Hi Steve, as Musky says they support the thrust washer behind the clutch. You are looking for a couple of square section semi circular insignificant looking bits of metal!
They are part of the primary drive rather than part of the gearbox. Your gearbox mainshaft should be splined (rather than the later keyway and taper S/A shaft). Before you build up the box, make sure the mainshaft has a good undamaged location groove for the collets. The location is not very deep and there is a lot of load on this area when the clutch centre/mainshaft nut is tightened. The gearbox side of the groove area should be adequate enough to offer good lateral support to the collets.
New collets come as a single ring with two thinner sections which must be broken to allow the collets to be fitted...always seems a shame to break it but there is no other way.
In theory there are various thicknesses of thrust washer available to enable accurate chain alignment, but these tend to be Unicorn Parts...heard about but never seen.
On my Flash, the collets were missing, and for a while the clutch support thrust washer had been running on the heads of the rivets that secure the mainshaft/ chaincase oilseal.
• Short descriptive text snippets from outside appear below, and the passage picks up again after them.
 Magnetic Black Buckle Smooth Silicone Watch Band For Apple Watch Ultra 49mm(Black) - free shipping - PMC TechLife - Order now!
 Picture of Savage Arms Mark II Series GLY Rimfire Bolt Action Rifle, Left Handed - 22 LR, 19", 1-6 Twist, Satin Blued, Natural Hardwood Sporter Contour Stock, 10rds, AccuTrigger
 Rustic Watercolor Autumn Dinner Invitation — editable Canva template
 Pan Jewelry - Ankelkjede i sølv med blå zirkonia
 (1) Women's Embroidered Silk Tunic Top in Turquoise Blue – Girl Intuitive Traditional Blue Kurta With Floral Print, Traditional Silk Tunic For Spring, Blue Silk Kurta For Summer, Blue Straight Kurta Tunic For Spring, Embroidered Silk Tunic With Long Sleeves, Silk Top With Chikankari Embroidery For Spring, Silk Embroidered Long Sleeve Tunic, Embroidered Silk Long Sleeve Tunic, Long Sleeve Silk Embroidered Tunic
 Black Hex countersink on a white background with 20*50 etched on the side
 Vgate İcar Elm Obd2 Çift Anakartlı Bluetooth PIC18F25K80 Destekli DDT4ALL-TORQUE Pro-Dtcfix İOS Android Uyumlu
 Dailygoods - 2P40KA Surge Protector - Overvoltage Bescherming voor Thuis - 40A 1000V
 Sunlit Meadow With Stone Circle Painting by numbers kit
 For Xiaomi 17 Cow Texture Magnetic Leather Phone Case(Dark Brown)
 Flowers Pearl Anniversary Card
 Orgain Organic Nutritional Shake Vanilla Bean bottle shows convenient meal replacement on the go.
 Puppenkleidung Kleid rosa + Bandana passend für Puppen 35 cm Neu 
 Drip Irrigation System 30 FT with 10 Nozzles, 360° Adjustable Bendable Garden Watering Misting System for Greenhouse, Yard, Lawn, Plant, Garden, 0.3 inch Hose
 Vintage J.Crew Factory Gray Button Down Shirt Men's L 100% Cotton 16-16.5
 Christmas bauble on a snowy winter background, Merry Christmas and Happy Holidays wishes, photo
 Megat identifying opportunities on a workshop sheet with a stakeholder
The clearance here is very small, I thought this was how it should be until I looked in the parts book and realised the previous owner had lost them.
Bolt the gearbox to your crankcase, stick the collets into the location groove on the mainshaft with a dab of grease, then slide on the thrust washer. The collets should sit nicely in the circular groove in the back of the thrust washer. The washer will lie close to the back of the chaincase. Then assemble the clutch inner and outer along with the primary chain and cush drive sprocket and sleeve. Grease the clutch rollers as lubricant and also to keep them in place as you assemble. With the big nut tightened, the chainwheel should rotate smoothly with no tight spots but expect some lateral shake in the clutch chainwheel. If you are lucky, chain alignment will be fine.